We’re at the complete start-over point, because we have nothing.”
Mississippi’s
congressional delegation, led by U.S. Sen. Thad Cochran, secured
$95 million for higher education as part of $29 billion in Hurricane
Katrina relief spending approved just before the 2005 Christmas
holiday. On Wednesday, Mississippi’s Institutions of Higher Learning
and Southern Miss will host a rally on the university’s Hattiesburg
campus to thank the legislators for their work in securing the funding.
Armstrong is
a first generation college student on her father’s side of the family.
“They’re living their dreams through me,” she said. “They want me
to have a better life than they have had by securing my education,
so this funding has been a real blessing.”
Armstrong, who
serves as a resident hall assistant at Southern Miss, stayed in
Hattiesburg and helped students who remained on campus cope with
the aftereffects of the storm, all the while not knowing whether
her own family survived the storm.
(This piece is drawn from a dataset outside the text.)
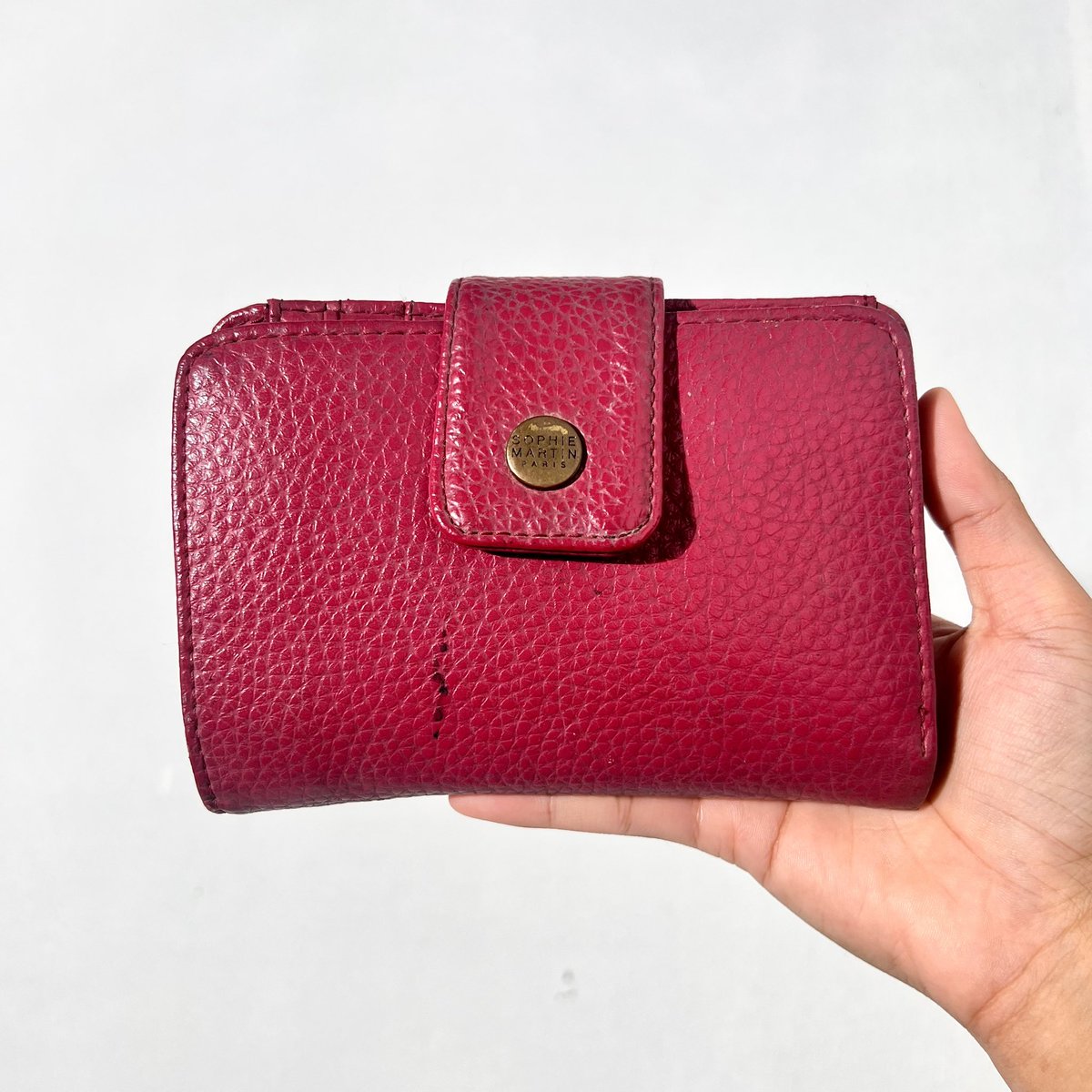 berburushopee's tweet photo. found my OG Sophie Martin wallet from like 10 years ago… STILL in great condition, literally no peeling on the leather😭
It was six days before she talked
with her mother and found out her family had made it.
“We just both
broke down crying, we couldn’t even understand what the other was
saying,” Armstrong said in recounting the phone call with her mother.
“Before that, I was just trying to be strong for the residents (students
living in residence halls) and let them know everything was going
to be okay, because it was hard for them too since we didn’t have
television or radio to know what was happening.”
Tabitha Williams,
a Southern Miss English major from Biloxi, also works as a resident
assistant and, like Armstrong, was in Hattiesburg helping students
ride out Katrina. Like Armstorng, Williams said the funds from the
Katrina legislation helped her to continue attending Southern Miss.
“My family lost
their house, a car and we had two other cars that were damaged by
the storm,” said Williams, who is studying to become an English
teacher. “They were without work for a while, but the bills kept
coming in nevertheless, and they were going through so much stress
from the whole ordeal. So it was really a blessing for me and my
parents to be able to receive this assistance, so I wouldn’t have
to depend solely on them for support.”